Bleomycin for Injection, USP contains sterile bleomycin sulfate equivalent to 15 units or 30 units of bleomycin.

15 units per vial, packaged individually.
30 units per vial, packaged individually.

Stability
The sterile powder is stable under refrigeration 2°C to 8°C (36°F to 46°F) and should not be used after the expiration date is reached.

Bleomycin for Injection should not be reconstituted or diluted with 5% Dextrose Injection or other dextrose containing diluents. When reconstituted in 5% Dextrose Injection and analyzed by HPLC, Bleomycin for Injection demonstrates a loss of A2 and B2 potency that does not occur when Bleomycin for Injection is reconstituted in Sodium Chloride for Injection, 0.9%, USP.
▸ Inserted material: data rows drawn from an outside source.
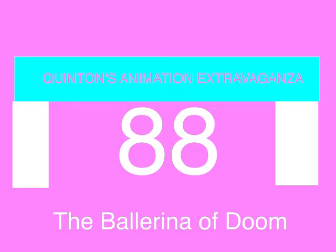Quantum Entertainment presents Quentin's Animation Extravaganza, Episode 88, The Ballerina of Doom.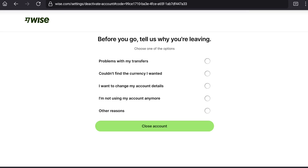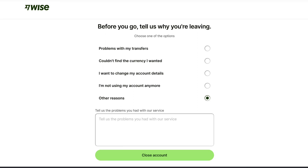Now, before you go, tell vice why you are leaving. Vice is providing 5 options and you can choose one of the options from this list. Here I'm going to choose other reasons, as the reason I am deleting my vice account is not listed in this list. And here I'm going to describe why I am leaving vice.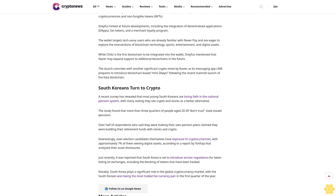Dreyfus hinted at future developments, including the integration of decentralized applications, dApps, fan tokens, and a merchant loyalty program. The wallet targets tech-savvy users who are already familiar with Naver Pay and are eager to explore the intersections of blockchain technology, sports, entertainment, and digital assets. While Chilis is the first blockchain to be integrated into the wallet, Dreyfus mentioned that Naver may expand support to additional blockchains in the future. The launch coincides with another significant crypto move by Naver as its messaging app Line prepares to introduce blockchain-based mini-dApps following the recent mainnet launch of the Kaya blockchain.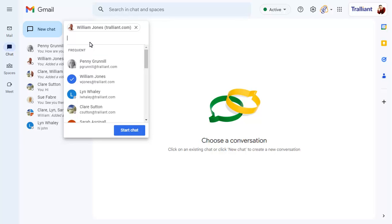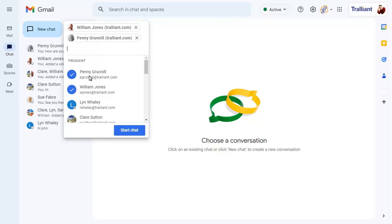If a person we want to chat with appears in the frequent list, we can simply click on them to add them to the group. We can continue typing names that don't appear in the frequent list.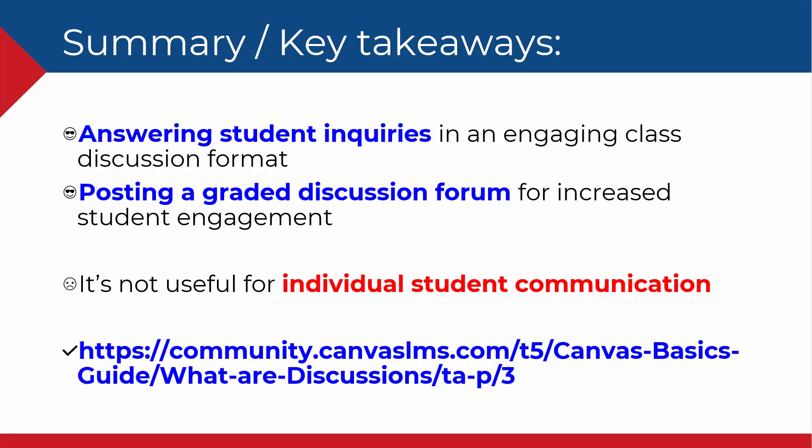In this video, you learned that discussions are useful for a variety of communication tasks, including responding to student inquiries in an engaging class discussion format. You also learned that discussions are useful for posting a graded discussion forum for increased student engagement. Discussions, however, are not useful for individual student communication. Here's a link to further information about Canvas discussions.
Bleomycin for Injection, USP is stable for 24 hours at room temperature in Sodium Chloride.

REFERENCES

1. NIOSH Alert: Preventing occupational exposures to antineoplastic and other hazardous drugs in healthcare settings. 2004. U.S. Department of Health and Human Services, Public Health Service, Centers for Disease Control and Prevention, National Institute for Occupational Safety and Health, DHHS (NIOSH) Publication No. 2004 165.
2. OSHA Technical Manual, TED 1-0.15A, Section VI: Chapter 2. Controlling occupational exposure to hazardous drugs. OSHA, 1999. http://www.osha.gov/dts/osta/otm/otm_vi/otm_vi_2.html
3. American Society of Health-System Pharmacists. ASHP guidelines on handling hazardous drugs. Am J Health-Syst Pharm. 2006; 63:1172-1193.
4. Polovich M, White JM, Kelleher LO, eds. 2005. Chemotherapy and biotherapy guidelines and recommendations for practice. 2nd ed. Pittsburgh, PA: Oncology Nursing Society.